What is something easy for you now that was difficult 6 months ago?
Working from home with a 4-year-old and a puppy. I can’t really say it’s easy, but it’s significantly easier than I ever expected it would be.
What leadership quality do you admire most in others?
The ability to make everybody feel heard and honored in their opinions, without fear of judgment. Also, the ability to keep emotions out of conversations in which you have strong opinions.
What would people be surprised to learn about you?
Even as a “greenie ” I have a brown thumb. My husband takes care of all the plants at our house and they are beautiful! When I “tend” them, they tend to turn brown!
What book are you reading? What show are you watching?
“The Body Keeps the Score: Brain, Mind, and Body in the Healing of Trauma” even as I seek to continue healing from the birth of my child (who is almost 5 now) and the stress and trauma I experienced during pregnancy, birth, and post-partum depression.

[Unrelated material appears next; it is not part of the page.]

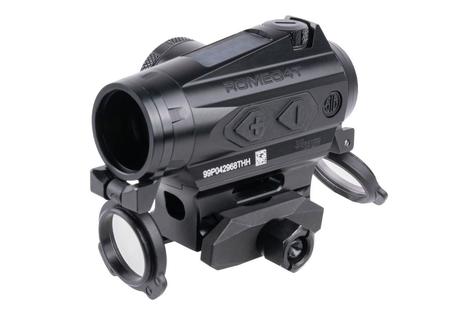 ROMEO4T 1x20MM - 2 MOA Red Dot Ballistic Circle Dot - FDE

It is also helping me to be far more empathetic toward others. I’m also watching “Leverage,” which is a somewhat silly crime drama, but encourages me to think outside the box of any normal scenario to solve much larger problems.
What is one crucial ingredient for true happiness?
To believe that you already have all you need to be happy. Happiness is not the next job, the next vacation, or the next house. Happiness is a state of mind that is always available, if we believe it as such. You can’t wait to believe it when you see it; you must see it (in your mind) to be able to believe it.
How can leadership help move communities and the state of Arkansas forward?
I will never forget my interview for LeadAR with multiple members of the board and alumni. At the end of my interview an older woman said, “If you get into the program, you’ll be the first one of you people that we’ve ever let in. ” Since the program was rooted in agriculture, they saw environmentalists as someone on the opposing side. I was appalled to be referred to as “you people, ” but even more so that she saw protecting our state’s natural bounty as something to be feared. By the end of my LeadAR experience I had changed many minds about the goals of sustainability. Just as I tempered my views, I believe I had a big hand in helping others to temper theirs. I know one classmate removed all plastics from their kitchen, another began recycling for the first time, and still others came to me for advice on sustainability topics such as healthy materials, water and energy conservation, etc. This did not feel like a big win, but rather a seed to move us all toward conversation and moderation instead of an us and them mentality. This mentality of working together for the common good, in light of our differences, is how leadership will help move Arkansas forward.